Et les prix de l’énergie ?

"C’est aussi un sujet de préoccupation mais nous arrivons à nous en sortir, contrairement à certains concurrents, nous n’avons jamais arrêté la production. Première raison : en 2006, notre actionnaire français a été vraiment visionnaire en nous demandant d’investir dans des chaudières biomasse (NDLR : qui engloutit 25 tonnes de bois chaque jour) pour le séchage des engrais. C’est quand même une capacité de huit mégawatts thermiques. Le deuxième élément, c’est qu’en 2016, nous sommes rentrés dans l’accord de branche, qui nous a imposé de faire de gros efforts pour réduire notre consommation d’énergie et nos émissions de CO2. Enfin, dernier élément, l’année passée, on a pu investir dans une cogénération pour pouvoir couvrir une grande partie de nos besoins d’électricité. La cogénération est un élément très positif de notre mix énergétique, qui nous permet tout d’abord de faire des économies sur la facture d’électricité et aussi au niveau de l’émission de CO2 puisque, pour donner un chiffre, cette cogénération permet de gagner 900 tonnes par an de CO2."

Pour fixer les idées, quelle est la part du coût de l’énergie dans l’ensemble de vos coûts de production ?

"Dans une période "normale", les coûts de l’énergie devraient représenter environ un tiers de l’ensemble des coûts de l’usine. Mais, là, actuellement, on est plutôt à 50%."

Beaucoup d’entreprises se plaignent actuellement de ne pas trouver le personnel dont elles ont besoin. Est-ce également votre cas ?

"Oui, c’est une grosse difficulté et un frein à notre croissance.
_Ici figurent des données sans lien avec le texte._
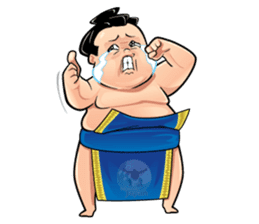 Gonishiki: Sumo by Internship Japan sticker #7320288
Nous avons beaucoup de mal à trouver les techniciens et les ingénieurs spécialisés dont nous avons besoin. C’est d’ailleurs pour essayer de contourner ces difficultés que nous avons développé un partenariat extrêmement positif avec la Haute Ecole Louvain en Hainaut (HELHa). Grâce à ce partenariat, nous accueillons chaque année des ingénieurs ou des masters en alternance en stage. Ils travaillent sur les projets avec nos équipes, ce qui nous permet de démultiplier nos forces. Grâce à ce partenariat, nous sommes en mesure d’investir environ 1 million d’euros par an sur des nouveaux projets."